Under the House proposal, owners of electric vehicles would pay a new $130 annual registration fee, while plug-in hybrid owners would face a $35 yearly fee. Beginning in 2029, those fees would increase by $5 every other year, though the legislation caps the charges at $150 for EVs and $50 for hybrids.

Supporters of the plan argue the fees are necessary because electric vehicle owners currently do not contribute to the federal Highway Trust Fund through gasoline taxes, which have traditionally financed highway construction and maintenance projects for decades.

“The ‘user pays’ principle has been fundamental to how we fund our nation’s surface transportation system for as long as I’ve been in Congress,” Larsen said in a statement supporting the compromise measure.

The Highway Trust Fund has long relied on federal gas taxes collected from drivers filling up at the pump. As electric vehicles become more common, lawmakers from both parties have increasingly raised concerns about how to maintain funding for roads and bridges when more drivers no longer purchase gasoline.

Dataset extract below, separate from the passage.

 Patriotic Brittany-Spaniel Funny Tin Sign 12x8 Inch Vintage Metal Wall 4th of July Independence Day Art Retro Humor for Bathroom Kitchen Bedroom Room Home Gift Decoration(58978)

Chairman Graves framed the proposal as a matter of fairness rather than punishment, saying the bill “ensures that electric vehicle owners begin paying their fair share for the use of our roads.”

At the same time, Larsen emphasized that Democrats negotiated the provision to avoid creating what he described as a punitive burden on EV owners. He pointed to other sections of the legislation that continue federal support for electric vehicle infrastructure and public transportation projects.

According to Larsen, the bill includes $1 billion aimed at expanding the nation’s EV charging station network while also maintaining major support for public transit systems and bridge repairs.

The proposal highlights the balancing act lawmakers increasingly face as Washington attempts to modernize America’s infrastructure while also adapting to rapidly changing transportation technologies. While many policymakers continue encouraging the growth of electric vehicles, questions remain about how governments will replace declining gasoline tax revenue without placing excessive burdens on drivers already dealing with rising costs.

The legislation also reflects the rare bipartisan cooperation that still occasionally emerges on infrastructure issues, even as Congress remains deeply divided on many other policy battles.

Still, the registration fee provision is far from guaranteed to become law. The Senate would also need to approve the legislation, and Senate Democrats may push to remove or modify the EV fee before any final package reaches the president’s desk.

The debate surrounding the proposal comes as transportation policy increasingly intersects with broader national questions about energy, consumer choice, and government spending priorities. Critics of large federal infrastructure programs have often warned that Washington’s long-term spending commitments can grow rapidly once new funding streams are established, while supporters argue the country’s aging transportation network requires sustained investment.

For now, lawmakers on both sides appear to agree on at least one point: as America’s vehicle fleet changes, the decades-old system used to fund the nation’s roads may be heading for a major overhaul.